Consider the linear SDE
\[ dX_t = F X_t dt + L dB_t \]
where \(F, L\) are known constant matrices. This SDE can be considered as a multivariate version of the Ornstein-Uhlenbeck process. Below, we will solve this SDE and derive its exact transition density.
Itô Lemma
A key result we will be using is the Itô lemma, which we state below. Consider an SDE
\[ dX_t = \mu(t, X_t) dt + \sigma(t,X_t) dB_t \]
with drift function \(\mu\) and volatility function \(\sigma\). For a function \(f(t, X_t)\) that depends (potentially) both \(t\) and \(X_t\), the Itô lemma states that
\[ df = \left[ \frac{\partial f}{\partial t} + (\nabla_x f)^T \mu + \frac{1}{2} \text{tr} [\sigma^T (\nabla_{xx} f) \sigma] \right] dt + (\nabla_x f)^T \sigma dB_t \]
which is obtained by a Taylor expansion of \(f\) and substitution of \(dX_t\).
Conditional Distribution
Returning to solving the SDE, we notice first that if we consider a change-of-variable \(Y_t := e^{-Ft} X_t\) with matrix exponential, applying Itô to \(Y_t\) yields
\[ dY_t = [- F e^{- Ft} X_t + e^{-F t} F X_t ] dt + e^{-F t} L dB_t = e^{-F t} L dB_t \] where the drift components cancel out as \(F e^{-Ft} = e^{-Ft} F\).
So, integrating the above equation from \(n\) to \(n+h\) and substituting back \(Y_t = e^{-Ft} X_t\) gives us
\[ e^{-F(n+h)} X_{n+h} - e^{-Fn} X_n = \int_{n}^{n+h} e^{-Ft} L dB_t, \]
which can be converted to the following form by multiplying \(e^{F(n+h)}\) both sides
\[ X_{n+h} = e^{Fh} X_n + \int_{n}^{n+h} e^{F(n+h-t)} L dB_t. \]
Therefore, we have the following exact transition density
\[ \begin{split} X_{n+h} | X_n = x_n &\sim N(A_h x_n, Q_h) \\ A_h &:= e^{Fh} \\ Q_h &:= \int_{n}^{n+h} e^{F(n+h-t)} L L^T e^{F^T(n+h-t)} dt \end{split} \]
where \(Q_h\) is obtained using the Itô isometry.
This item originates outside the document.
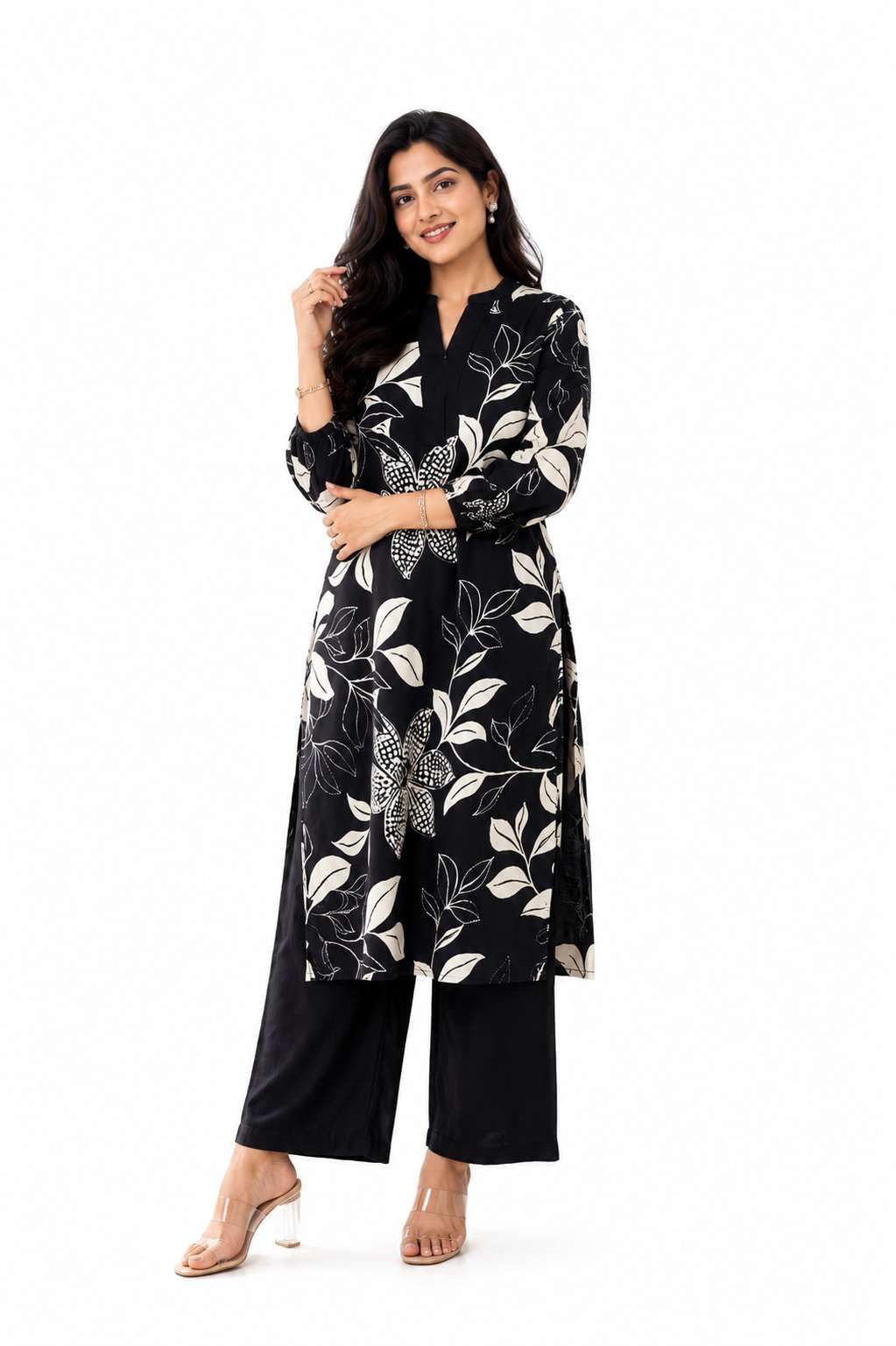 Women's Cotton Floral Printed Straight Kurti With Pant Set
While it is obvious how \(A_h\) can be found, the calculation of \(Q_h\) does not appear immediate. A nice way to compute \(Q_h\) is presented below.
Conditional Distribution Covariance Calculation
Consider the auxiliary block matrix
\[ K = \begin{bmatrix} F & LL^T \\ 0 & -F^T \end{bmatrix} \]
and we are interested in its matrix exponential \(\Phi(t) = e^{Kt}\) with entries
\[ e^{Kt} =: \Phi(t) = \begin{bmatrix} \Phi_{11}(t) & \Phi_{12}(t) \\ 0 & \Phi_{22}(t) \end{bmatrix}. \]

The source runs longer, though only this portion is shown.